Search code examples
amazon-ec2dnsrabbitmqkuberneteshostname

Changing hostname breaks Rabbitmq when running on Kubernetes


I'm trying to run Rabbitmq using Kubernetes on AWS. I'm using the official Rabbitmq docker container. Each time the pod restarts the rabbitmq container gets a new hostname. I've setup a service (of type LoadBalancer) for the pod with a resolvable DNS name.

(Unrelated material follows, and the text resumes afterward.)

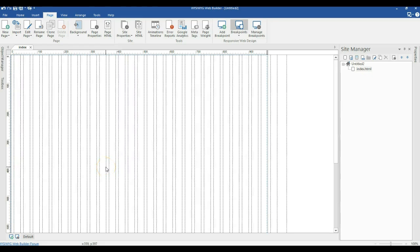Hello guys, this is Dubs Nishmo. Today let's take a look at how to work with responsive tables in WYSIWYG Web Builder.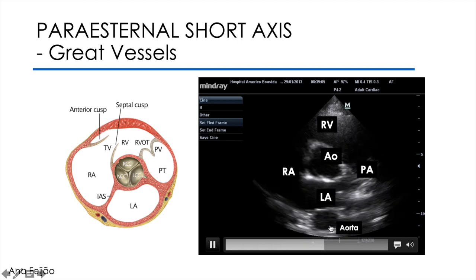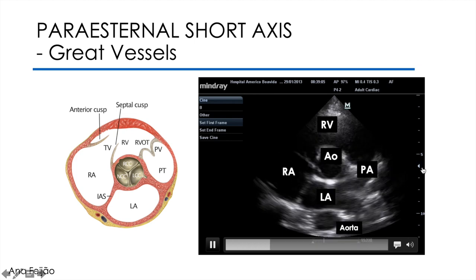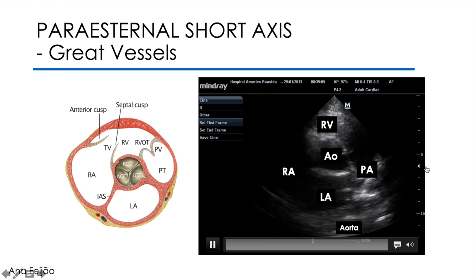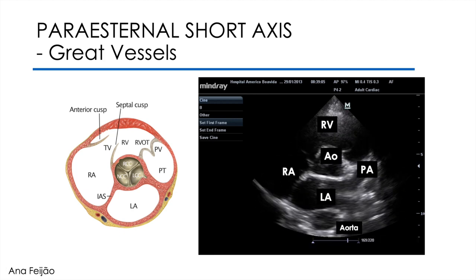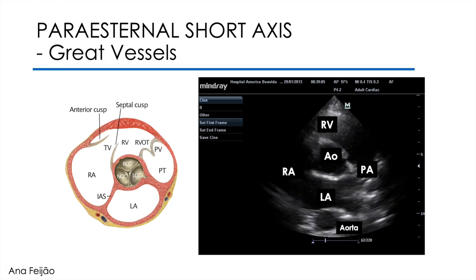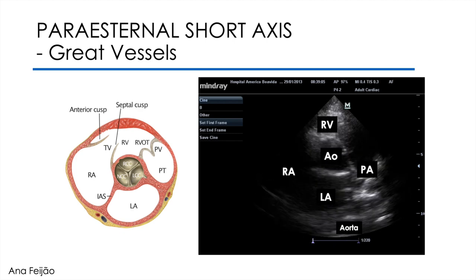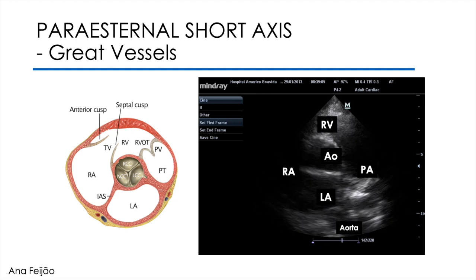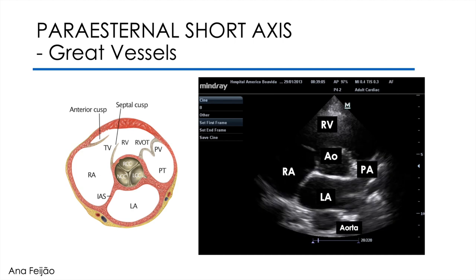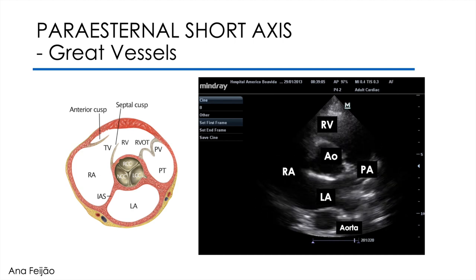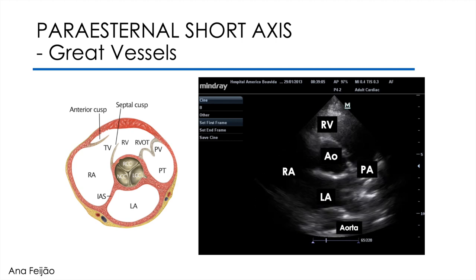We must orient the focus and the gain ramp according to the bidimensional grayscale variations, and we improve the image with small tilts. As it is an incidence with so many structures, we may have to make small tilts on the probe to better define the exact area that we want to study. We are not always able to have a perfect image with all the structures well visualized, so the ideal is to start by evaluating step by step.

But when I use an EBS to make the rabbit config/messsage/queues persistent between restarts it breaks with:

exception exit: {{failed_to_cluster_with,
                     ['rabbitmq@rabbitmq-deployment-2901855891-nord3'],
                     "Mnesia could not connect to any nodes."},
                 {rabbit,start,[normal,[]]}}
  in function  application_master:init/4 (application_master.erl, line 134)

rabbitmq-deployment-2901855891-nord3 is the previous hostname rabbitmq container. It is almost like Mnesia saved the old hostname :-/

The container's info looks like this:

              Starting broker...
=INFO REPORT==== 25-Apr-2016::12:42:42 ===
node           : rabbitmq@rabbitmq-deployment-2770204827-cboj8
home dir       : /var/lib/rabbitmq
config file(s) : /etc/rabbitmq/rabbitmq.config
cookie hash    : XXXXXXXXXXXXXXXX
log            : tty
sasl log       : tty
database dir   : /var/lib/rabbitmq/mnesia/rabbitmq

I'm only able to set the first part of the node name to rabbitmq using the RABBITMQ_NODENAME environment variable.

Setting RABBITMQ_NODENAME to a resolvable DNS name breaks with:

Can't set short node name!\nPlease check your configuration\n"

Setting RABBITMQ_USE_LONGNAME to true breaks with:

Can't set long node name!\nPlease check your configuration\n"

Update:

  • Setting RABBITMQ_NODENAME to rabbitmq@localhost works but that negates any possibility to cluster instances.

              Starting broker...
    =INFO REPORT==== 26-Apr-2016::11:53:19 ===
    node           : rabbitmq@localhost
    home dir       : /var/lib/rabbitmq
    config file(s) : /etc/rabbitmq/rabbitmq.config
    cookie hash    : 9WtXr5XgK4KXE/soTc6Lag==
    log            : tty
    sasl log       : tty
    database dir   : /var/lib/rabbitmq/mnesia/rabbitmq@localhost
    
  • Setting RABBITMQ_NODENAME to the service name, in this case rabbitmq-service like so rabbitmq@rabbitmq-service also works since kubernetes service names are internally resolvable via DNS.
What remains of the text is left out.